Kompleks primer ini dapat juga mengalami komplikasi. Komplikasi yang terjadi dapat disebabkan oleh fokus di paru atau di kelenjar limfe regional. Fokus primer di paru dapat membesar dan menyebabkan pneumonitis atau pleuritis fokal. Jika terjadi nekrosis perkejuan yang berat, bagian tengah lesi akan mencair dan keluar melalui bronkus sehingga meninggal rongga di jaringan paru (cavitas). Kelenjar limfe hilus atau paratrakeal yang mulanya berukuran normal saat awal infeksi, akan membesar karena reaksi inflamasi yang berlanjut, dan bronkus dapat terganggu. Obstruksi parsial pada bronkus akibat tekanan eksternal menimbulkan hiperinflasi di segmen distal paru. Obstruksi total dapat menyebabkan atelektasis. Kelenjar mengalami inflamasi dan nekrosis perkejuan dapat merusak dan menimbulkan erosi dinding bronkus sehingga menyebabkan TB endobronkial atau membentuk fistula. Massa keju dapat menimbulkan obstruksi komplit pada bronkus sehingga menyebabkan gabungan pneumonitis dan atelektasis yang sering disebut sebagai lesi segmental kolaps konsolidasi.

Selama masa inkubasi, sebelum terbentuknya imunitas seluler, dapat terjadi penyebaran limfogen dan hematogen. Pada penyebaran limfogen, kuman menyebar ke kelenjar limfe regional membentuk kompleks primer. Sedangkan penyebaran hematogen, kuman TB masuk ke dalam sirkulasi darah dan menyebar ke seluruh tubuh. Adanya penyebaran hematogen inilah yang menyebabkan TB disebut sebagai penyakit sistemik.

Penyebaran hematogen yang paling sering terjadi adalah dalam bentuk penyebaran hematogenik tersamar (occult hematogenic spread). Melalui cara ini, kuman TB menyebar secara sporadik dan sedikit demi sedikit sehingga tidak menimbulkan gejala klinis. Kuman TB kemudian akan mencapai berbagai organ di seluruh tubuh.

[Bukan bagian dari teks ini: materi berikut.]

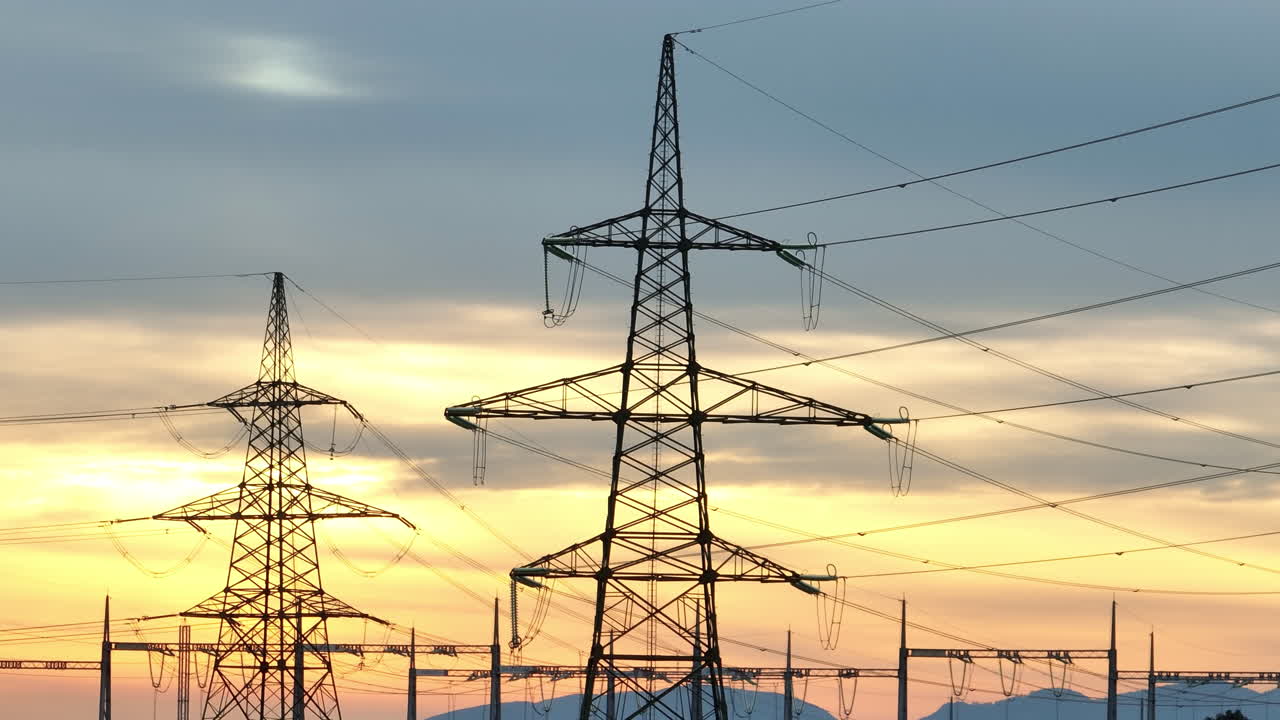 Power lines and electrical transmission towers stand tall in the rural area as the sun sets behind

Organ yang biasanya dituju adalah organ yang mempunyai vaskularisasi yang baik, misalnya otak, tulang, ginjal dan paru, terutama apeks paru. Di berbagai lokasi tersebut, kuman TB bereplikasi dan membentuk koloni kuman sebelum terbentuk imunitas seluler yang akan membatasi pertumbuhannya.



DIAGNOSIS

Diagnosis pasti TB ditegakkan dengan ditemukannya M. tuberculosis pada pemeriksaan sputum atau bilasan lambung, cairan serebrospinal, cairan pleura atau pada biopsi jaringan. Pada anak, kesulitan menegakkan diagnosis pasti disebabkan oleh dua hal yaitu sedikitnya kuman dan sulitnya pengambilan spesimen atau sputum.

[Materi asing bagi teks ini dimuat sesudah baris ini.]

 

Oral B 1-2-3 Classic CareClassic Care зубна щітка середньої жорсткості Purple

Diagnosis TB anak ditentukan berdasarkan gambaran klinis dan pemeriksaan penunjang seperti uji tuberkulin, pemeriksaan laboratorium dan foto rontgen dada. Adanya riwayat kontak dengan pasien TB dewasa BTA positif, uji tuberkulin positif dan foto paru yang mengarah pada TB merupakan bukti kuat yang menyatakan anak telah menderita TB.1-8


Manifestasi Klinis1,3,,4,6-8

Karena patogenesis TB sangat kompleks, manifestasi klinis sangat bervariasi dan bergantung pada beberapa faktor. Faktor yang berperan adalah kuman TB, pejamu, serta interaksi antara keduanya. Faktor kuman tergantung pada jumlah kuman dan virulensi, sdangkan faktor pejamu tergantung pada usia dan kompetensi imun serta kerentanan pejamu pada awal terjadinya infeksi.

Gejala umum atau nonspesifik pada TB anak adalah sebagai berikut :

  1. Berat badan turun tanpa sebab yang jelas atau tidak naik dalam 1 bulan dengan penanganan gizi.

  2. Nafsu makan tidak ada (anoreksia) dengan gagal tumbuh berat badan tidak naik dengan adekuat

  3. Demam lama ( 2 minggu) dan/ atau berulang tanpa sebab yang jelas (bukan demam tifoid, infeksi saluran kemih, malaria, dan lain-lain), yang dapat disertai keringat malam. Demam pada umumnya tidak tinggi dan hilang timbul dalam jangka waktu yang cukup lama.

  4. Pembesaran kelenjar limfe superfisialis yang tidak sakit dan biasanya multipel.

  5. Batuk lama lebih dari 3 minggu dan sebab lain telah disingkirkan. Fokus primer TB paru pada anak umumnya terdapat pada parenkim paru yang tidak mempunyai reseptor batuk. Gejala batuk kronik TB paru anak dapat timbul bila limfadenitis regional menekan bronkus sehingga merangsang reseptor batuk secara kronik. Batuk berulang dapat timbul karena anak dengan TB mengalami penurunan imunitas tubuh, sehingga mudah mengalami infeksi respiratorik akut (IRA) berulang.

  6. Diare persisten yang tidak sembuh dengan pengobatan diare.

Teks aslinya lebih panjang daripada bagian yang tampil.